Fig. 7 ΔO₃/ΔCO ratio plotted against age mass age for flights C004, C005, C006, C007, C132, C133, C218, C219, C221, C223, C224 and C225. The error bars indicate standard error in the enhancement ratio and age calculation. The inset shows a zoom of the lower air mass age data. The two black dots show the average ratio of the model ΔO₃/ΔCO for the younger (C225) and older plumes (C218–C224) during the ARNA-2 campaign.
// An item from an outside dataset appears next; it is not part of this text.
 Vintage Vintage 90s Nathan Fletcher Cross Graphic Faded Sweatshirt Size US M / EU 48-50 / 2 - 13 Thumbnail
3.4 Comparison GEOS CF model

The data presented above shows a series of measured emission factors for NO_x and VOCs from wildfires in Senegal and Uganda, along with O₃ enhancements in the plume as the air ages and is transported over the Atlantic Ocean. Whilst this data is a useful addition to the literature, especially as measurements from fires in Africa are so scarce, it is through comparison with a chemistry transport model where we can really start to assess our understanding of O₃ production in biomass burning plumes in Africa.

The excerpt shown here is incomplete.